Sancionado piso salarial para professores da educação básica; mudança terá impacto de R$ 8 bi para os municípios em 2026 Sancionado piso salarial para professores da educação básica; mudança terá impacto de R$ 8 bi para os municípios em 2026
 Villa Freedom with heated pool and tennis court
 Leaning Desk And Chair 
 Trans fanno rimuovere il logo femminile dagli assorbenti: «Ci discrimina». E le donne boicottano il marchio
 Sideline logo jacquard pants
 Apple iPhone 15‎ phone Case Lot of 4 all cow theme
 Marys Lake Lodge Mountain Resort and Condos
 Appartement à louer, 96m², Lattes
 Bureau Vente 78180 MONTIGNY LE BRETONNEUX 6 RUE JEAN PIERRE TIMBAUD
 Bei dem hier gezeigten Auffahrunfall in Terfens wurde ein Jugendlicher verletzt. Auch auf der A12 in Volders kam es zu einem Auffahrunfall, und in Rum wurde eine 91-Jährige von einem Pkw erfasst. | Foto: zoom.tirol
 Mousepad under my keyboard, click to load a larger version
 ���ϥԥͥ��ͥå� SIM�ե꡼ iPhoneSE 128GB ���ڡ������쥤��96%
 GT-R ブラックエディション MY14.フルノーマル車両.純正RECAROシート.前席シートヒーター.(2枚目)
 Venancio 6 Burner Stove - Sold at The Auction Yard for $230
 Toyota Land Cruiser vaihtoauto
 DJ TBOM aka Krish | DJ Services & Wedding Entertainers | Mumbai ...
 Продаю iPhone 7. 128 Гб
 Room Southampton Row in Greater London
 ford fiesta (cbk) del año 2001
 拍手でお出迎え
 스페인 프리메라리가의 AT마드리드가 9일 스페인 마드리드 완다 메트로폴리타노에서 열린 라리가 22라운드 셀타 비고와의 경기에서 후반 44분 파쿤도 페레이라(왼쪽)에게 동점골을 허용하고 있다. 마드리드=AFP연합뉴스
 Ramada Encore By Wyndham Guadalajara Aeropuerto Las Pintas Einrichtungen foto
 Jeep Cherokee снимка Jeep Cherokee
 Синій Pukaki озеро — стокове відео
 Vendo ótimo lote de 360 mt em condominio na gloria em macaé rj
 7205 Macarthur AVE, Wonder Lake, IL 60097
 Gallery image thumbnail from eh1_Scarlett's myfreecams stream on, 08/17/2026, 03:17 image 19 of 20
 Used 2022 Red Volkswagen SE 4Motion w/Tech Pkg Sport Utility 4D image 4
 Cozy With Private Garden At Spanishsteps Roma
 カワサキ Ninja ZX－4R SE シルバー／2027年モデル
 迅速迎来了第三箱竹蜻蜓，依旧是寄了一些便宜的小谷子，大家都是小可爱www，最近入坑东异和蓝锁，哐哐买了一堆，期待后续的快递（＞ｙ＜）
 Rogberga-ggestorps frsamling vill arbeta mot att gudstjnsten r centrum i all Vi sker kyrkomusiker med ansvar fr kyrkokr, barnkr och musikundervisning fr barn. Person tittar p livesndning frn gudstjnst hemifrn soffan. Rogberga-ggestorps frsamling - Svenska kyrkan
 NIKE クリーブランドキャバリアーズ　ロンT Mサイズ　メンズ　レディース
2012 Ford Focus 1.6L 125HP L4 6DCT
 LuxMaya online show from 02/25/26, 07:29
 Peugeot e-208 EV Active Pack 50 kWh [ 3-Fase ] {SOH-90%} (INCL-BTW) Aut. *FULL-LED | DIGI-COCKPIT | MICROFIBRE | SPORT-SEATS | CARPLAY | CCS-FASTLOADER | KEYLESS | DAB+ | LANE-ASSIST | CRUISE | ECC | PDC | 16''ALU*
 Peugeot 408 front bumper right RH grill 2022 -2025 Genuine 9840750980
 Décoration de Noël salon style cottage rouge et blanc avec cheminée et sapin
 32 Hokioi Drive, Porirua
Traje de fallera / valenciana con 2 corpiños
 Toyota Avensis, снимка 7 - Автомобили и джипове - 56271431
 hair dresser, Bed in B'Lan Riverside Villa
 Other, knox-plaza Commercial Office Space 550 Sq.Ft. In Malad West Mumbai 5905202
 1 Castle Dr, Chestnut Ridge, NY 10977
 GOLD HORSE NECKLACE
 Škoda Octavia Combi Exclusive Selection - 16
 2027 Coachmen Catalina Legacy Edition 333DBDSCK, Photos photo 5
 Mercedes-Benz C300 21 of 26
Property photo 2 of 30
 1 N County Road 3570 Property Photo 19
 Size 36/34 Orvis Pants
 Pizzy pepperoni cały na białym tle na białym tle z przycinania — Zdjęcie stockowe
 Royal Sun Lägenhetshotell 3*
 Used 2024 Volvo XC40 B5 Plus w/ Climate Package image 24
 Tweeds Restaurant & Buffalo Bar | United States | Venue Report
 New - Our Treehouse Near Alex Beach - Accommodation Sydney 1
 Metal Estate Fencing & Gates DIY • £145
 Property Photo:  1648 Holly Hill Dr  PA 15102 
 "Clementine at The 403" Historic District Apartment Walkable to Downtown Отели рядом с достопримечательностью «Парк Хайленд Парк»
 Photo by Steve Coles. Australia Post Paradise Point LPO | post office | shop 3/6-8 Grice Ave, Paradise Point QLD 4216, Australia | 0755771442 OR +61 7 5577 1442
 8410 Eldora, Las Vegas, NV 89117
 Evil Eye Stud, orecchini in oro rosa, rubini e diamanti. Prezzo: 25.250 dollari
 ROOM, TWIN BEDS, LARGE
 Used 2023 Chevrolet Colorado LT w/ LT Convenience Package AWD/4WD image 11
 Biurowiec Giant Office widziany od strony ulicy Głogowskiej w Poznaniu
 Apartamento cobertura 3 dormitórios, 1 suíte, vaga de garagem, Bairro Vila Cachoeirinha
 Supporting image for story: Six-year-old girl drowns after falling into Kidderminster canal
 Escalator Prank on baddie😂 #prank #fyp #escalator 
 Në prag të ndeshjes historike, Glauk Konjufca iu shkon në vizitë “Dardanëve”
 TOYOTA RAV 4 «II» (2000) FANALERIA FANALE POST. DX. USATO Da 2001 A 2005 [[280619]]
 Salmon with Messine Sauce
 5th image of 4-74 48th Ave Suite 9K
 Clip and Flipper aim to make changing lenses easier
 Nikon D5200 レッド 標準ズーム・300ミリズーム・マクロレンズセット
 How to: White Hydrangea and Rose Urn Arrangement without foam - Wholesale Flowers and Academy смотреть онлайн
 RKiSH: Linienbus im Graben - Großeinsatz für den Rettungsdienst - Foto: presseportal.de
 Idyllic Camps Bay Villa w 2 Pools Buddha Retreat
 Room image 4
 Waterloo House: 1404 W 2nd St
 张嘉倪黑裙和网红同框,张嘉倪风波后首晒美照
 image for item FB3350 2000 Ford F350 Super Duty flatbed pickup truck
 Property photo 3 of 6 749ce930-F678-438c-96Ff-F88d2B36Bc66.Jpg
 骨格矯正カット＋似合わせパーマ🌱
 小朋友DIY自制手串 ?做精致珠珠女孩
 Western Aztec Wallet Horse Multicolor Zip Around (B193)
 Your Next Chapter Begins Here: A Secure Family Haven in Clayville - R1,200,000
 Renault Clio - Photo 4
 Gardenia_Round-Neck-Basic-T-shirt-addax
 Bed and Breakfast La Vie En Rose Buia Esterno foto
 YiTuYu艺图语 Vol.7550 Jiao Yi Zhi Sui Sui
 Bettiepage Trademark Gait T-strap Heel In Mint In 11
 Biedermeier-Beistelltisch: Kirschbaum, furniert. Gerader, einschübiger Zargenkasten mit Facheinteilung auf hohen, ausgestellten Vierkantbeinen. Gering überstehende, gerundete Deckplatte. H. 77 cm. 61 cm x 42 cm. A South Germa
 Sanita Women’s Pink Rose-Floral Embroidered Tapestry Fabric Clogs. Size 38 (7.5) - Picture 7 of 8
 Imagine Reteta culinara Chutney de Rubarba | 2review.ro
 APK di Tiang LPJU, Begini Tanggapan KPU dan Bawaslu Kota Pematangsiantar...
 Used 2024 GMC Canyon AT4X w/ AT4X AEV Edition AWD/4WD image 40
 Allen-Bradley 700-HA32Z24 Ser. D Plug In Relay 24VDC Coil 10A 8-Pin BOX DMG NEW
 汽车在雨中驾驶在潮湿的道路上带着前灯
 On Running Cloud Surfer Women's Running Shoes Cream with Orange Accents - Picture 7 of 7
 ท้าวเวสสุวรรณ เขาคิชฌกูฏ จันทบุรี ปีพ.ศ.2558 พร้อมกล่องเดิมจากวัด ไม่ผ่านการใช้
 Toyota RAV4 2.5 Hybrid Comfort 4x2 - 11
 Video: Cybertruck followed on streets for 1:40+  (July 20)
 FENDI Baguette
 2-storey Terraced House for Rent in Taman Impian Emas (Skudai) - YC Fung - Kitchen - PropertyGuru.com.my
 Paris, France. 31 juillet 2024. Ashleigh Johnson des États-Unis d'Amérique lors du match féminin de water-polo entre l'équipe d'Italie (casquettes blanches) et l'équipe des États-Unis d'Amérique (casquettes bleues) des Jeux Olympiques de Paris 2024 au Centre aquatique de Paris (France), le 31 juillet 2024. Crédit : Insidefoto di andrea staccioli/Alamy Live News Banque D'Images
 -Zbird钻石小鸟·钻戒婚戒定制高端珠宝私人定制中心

§ EXERCISE PROMPT
Start with the line above that contains "Allen-Bradley 700-HA32Z24 Ser." and end with the line that contains "2-storey Terraced House". Write out those lines exactly, and only those.

§ SOLUTION TO THE PROBLEM
 Allen-Bradley 700-HA32Z24 Ser. D Plug In Relay 24VDC Coil 10A 8-Pin BOX DMG NEW
 汽车在雨中驾驶在潮湿的道路上带着前灯
 On Running Cloud Surfer Women's Running Shoes Cream with Orange Accents - Picture 7 of 7
 ท้าวเวสสุวรรณ เขาคิชฌกูฏ จันทบุรี ปีพ.ศ.2558 พร้อมกล่องเดิมจากวัด ไม่ผ่านการใช้
 Toyota RAV4 2.5 Hybrid Comfort 4x2 - 11
 Video: Cybertruck followed on streets for 1:40+  (July 20)
 FENDI Baguette
 2-storey Terraced House for Rent in Taman Impian Emas (Skudai) - YC Fung - Kitchen - PropertyGuru.com.my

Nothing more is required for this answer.